Frustrated, Leo stared at Nikolai in the bath of bloody water. Struck by a thought, he stepped up to the bath and without taking off his shirt sank his arm into the water. He felt Nikolai’s hand. His fingers were locked around a thick envelope. He’d been clutching it when he died. The paper had become soft and broke apart as soon as Leo touched it, the contents floating to the surface. Timur and Panin joined him, watching as one by one the faces of men and women rose up from the bloody bottom of the bath. Soon a film of photographs, hundreds of overlapping faces, bobbed up and down. Leo’s eyes darted from old women to young men, the mothers and fathers, sons and daughters. He recognized none of them. Then one face caught his eye. He picked it out of the water. Timur asked:
– You know this man?
Yes, Leo knew him. His name was Lazar.
SAME DAY
Acrucifix had been drawn on the outside of the envelope, a careful ink drawing of the Orthodox cross. The drawing was small, roughly the size of his palm. Someone had taken time over it: the proportions were correct, the inkwork competent. Was it supposed to engender fear, as if he were a ghoul or a demon? More likely it was intended ironically, as a commentary on his faith. If so, it was misjudged-amateurish in its psychology.

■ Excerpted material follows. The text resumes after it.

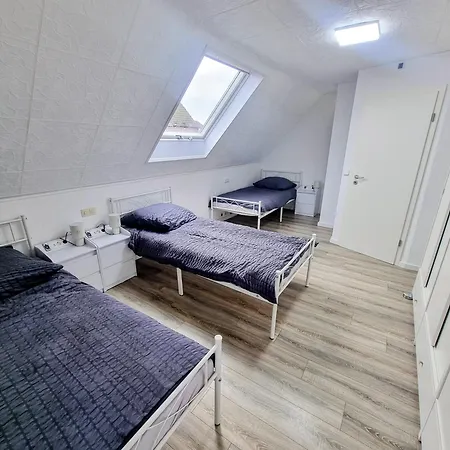 別荘 Strabon Haus *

Krasikov broke the seal, emptying the envelope’s contents onto his desk. More photographs… he was tempted to toss them in the fire as he’d done the others but curiosity stopped him. He put on his glasses, straining his eyes, studying this new batch of faces. At a glance they meant nothing. He was about to put them aside when one of the faces caught his attention. He concentrated, trying to remember the name of this man with intense eyes:
Lazar
These were the priests that he’d denounced.
He counted them. Thirty faces, had he really betrayed so many? Not all of them had been arrested while he’d been Patriarch of Moscow and All Russia, the leading religious authority in the country. The denunciations had predated that appointment, spread over many years. He was seventy-five years old. For a lifetime, thirty denunciations were not so many. His calculated obedience to the State had saved the Church from immeasurable harm-an unholy alliance, perhaps, yet these thirty priests had been necessary sacrifices. It was remiss of him not to be able to remember each of their names. He should pray for them every night. Instead, he’d let them slip from his mind like rain running off glass. He found forgetfulness easier than asking for forgiveness.
Even with their photographs in his hands he felt no regret. This wasn’t bravado. He suffered no nightmares, experienced no anguish. His soul was light. Yes, he’d read Khrushchev’s speech, sent to him by the same people that had sent these photos. He’d read the criticisms of Stalin’s murderous regime, a regime he’d supported by ordering his priests to praise Stalin in their sermons. Undoubtedly there’d been the cult of dictator and he’d been a loyal worshipper. What of it? If this speech pointed to a future of pointless introspection then so be it-but it wouldn’t be his future. Was he responsible for the Church’s persecution through the early decades of Communism? Of course not, he’d merely reacted to the circumstances in which he found himself and his beloved Church. His hand had been forced. The decision to surrender some of his colleagues was unpleasant although not difficult. There were individuals who believed they could say and do as they pleased simply because it was the work of God. They were naive and he’d found them tiresome, eager to be martyrs. In that sense, he’d merely given them what they wanted, the opportunity to die for their faith.